**RECORDS FOR PROCESSING:**
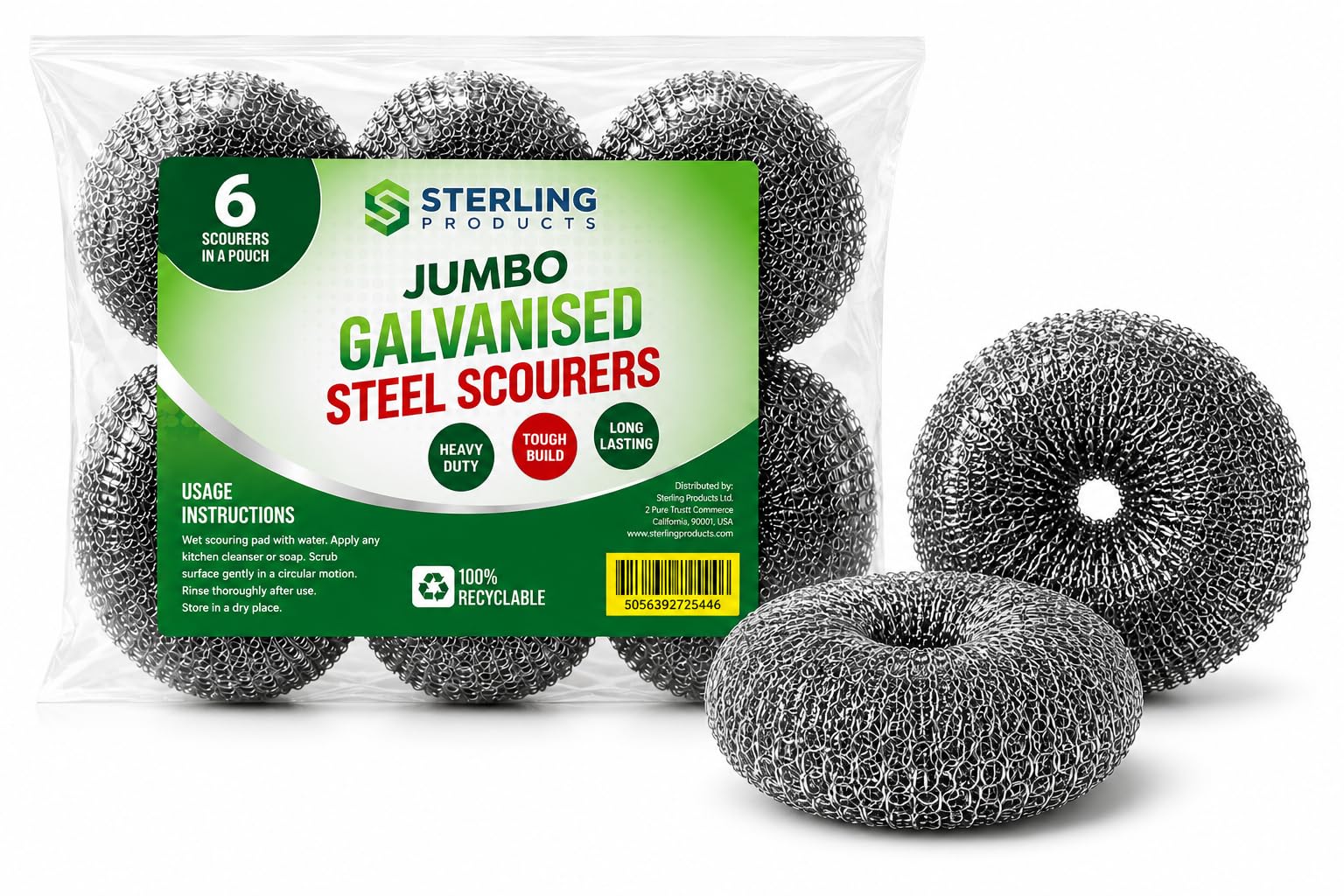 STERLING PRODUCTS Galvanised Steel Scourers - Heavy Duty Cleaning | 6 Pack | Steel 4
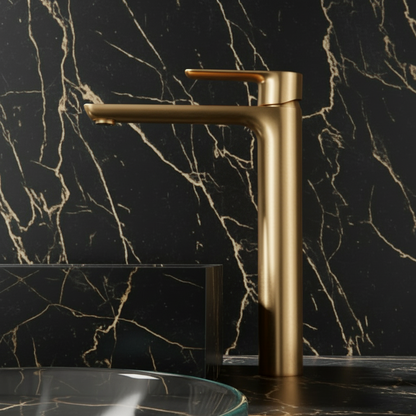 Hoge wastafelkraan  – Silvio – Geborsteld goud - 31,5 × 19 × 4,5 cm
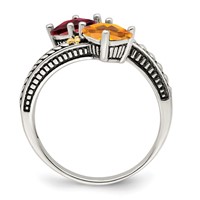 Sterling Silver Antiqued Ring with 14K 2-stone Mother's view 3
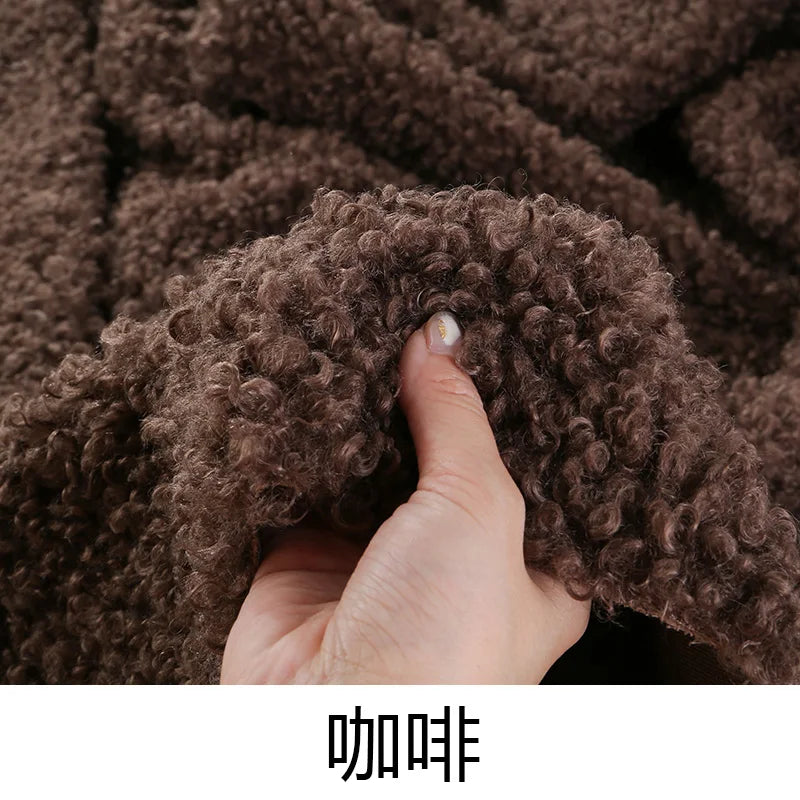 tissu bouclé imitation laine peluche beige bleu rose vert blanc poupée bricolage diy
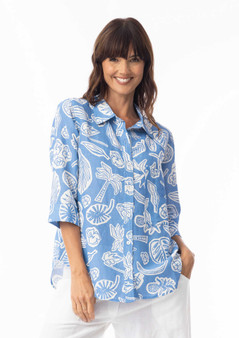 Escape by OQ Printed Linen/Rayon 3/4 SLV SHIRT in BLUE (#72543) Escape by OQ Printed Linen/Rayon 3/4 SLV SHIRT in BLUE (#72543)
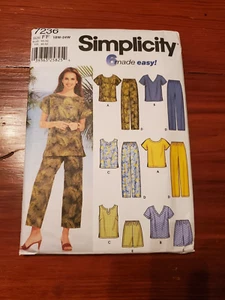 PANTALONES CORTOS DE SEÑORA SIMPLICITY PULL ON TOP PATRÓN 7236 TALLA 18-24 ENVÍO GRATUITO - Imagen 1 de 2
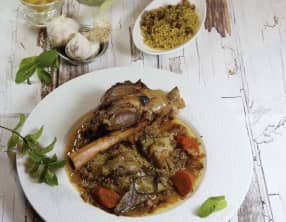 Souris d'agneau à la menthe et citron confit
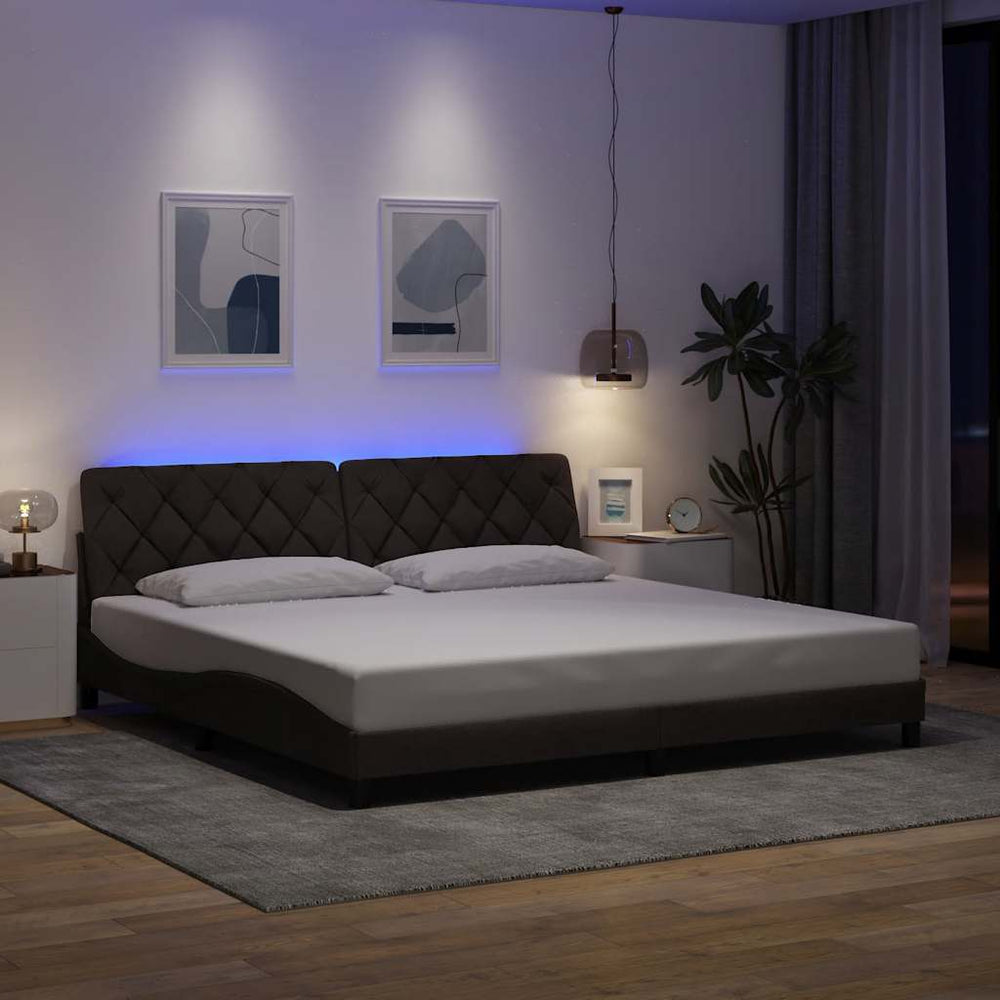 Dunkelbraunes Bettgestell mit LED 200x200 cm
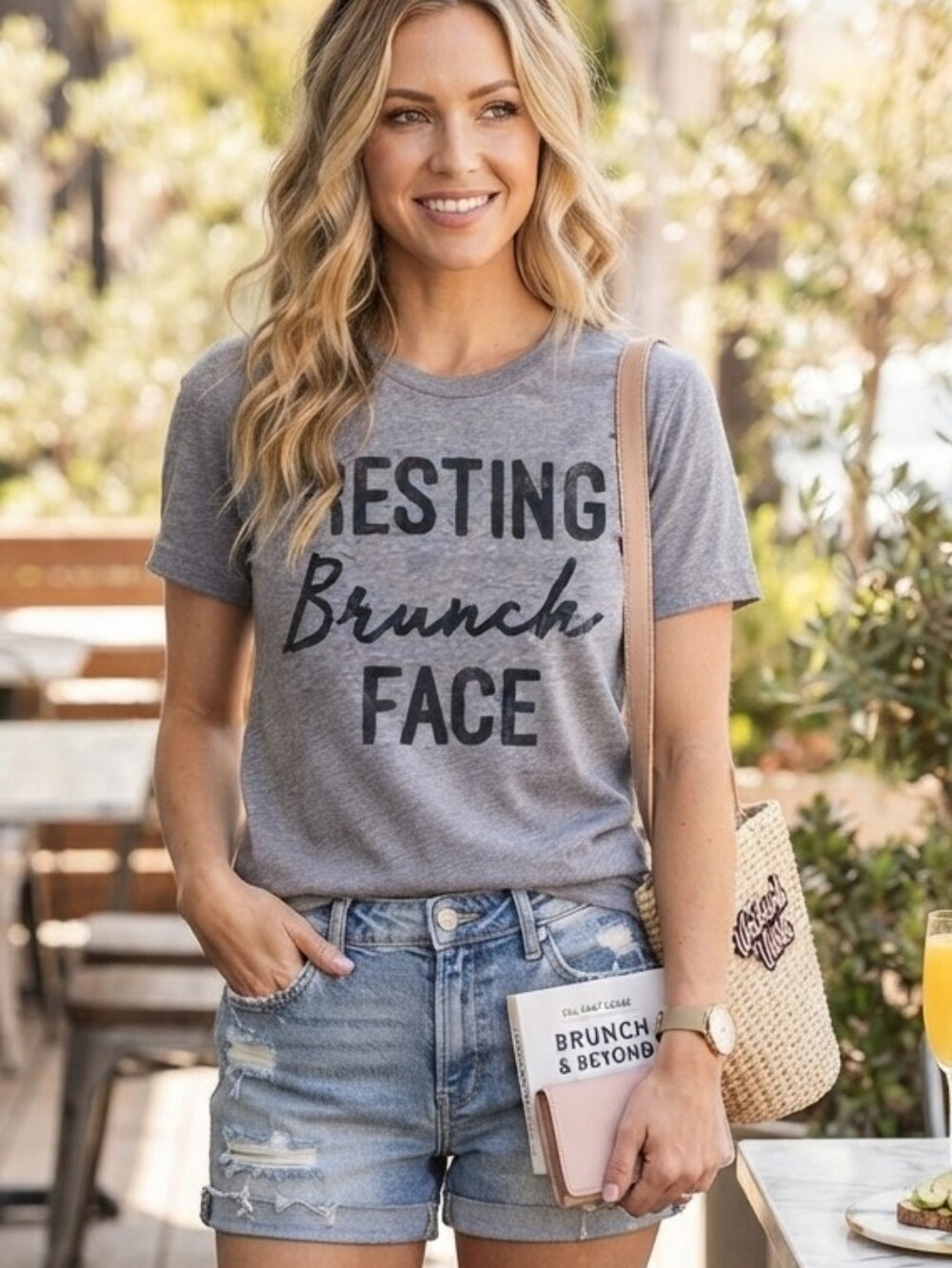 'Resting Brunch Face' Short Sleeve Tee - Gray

**WHAT IS EXPECTED:** Type the listing out again word for word, passing over each picture.

**SOLVED EXERCISE:**
 STERLING PRODUCTS Galvanised Steel Scourers - Heavy Duty Cleaning | 6 Pack | Steel 4
 Hoge wastafelkraan  – Silvio – Geborsteld goud - 31,5 × 19 × 4,5 cm
 Sterling Silver Antiqued Ring with 14K 2-stone Mother's view 3
 tissu bouclé imitation laine peluche beige bleu rose vert blanc poupée bricolage diy
 Escape by OQ Printed Linen/Rayon 3/4 SLV SHIRT in BLUE (#72543) Escape by OQ Printed Linen/Rayon 3/4 SLV SHIRT in BLUE (#72543)
 PANTALONES CORTOS DE SEÑORA SIMPLICITY PULL ON TOP PATRÓN 7236 TALLA 18-24 ENVÍO GRATUITO - Imagen 1 de 2
 Souris d'agneau à la menthe et citron confit
 Dunkelbraunes Bettgestell mit LED 200x200 cm
 'Resting Brunch Face' Short Sleeve Tee - Gray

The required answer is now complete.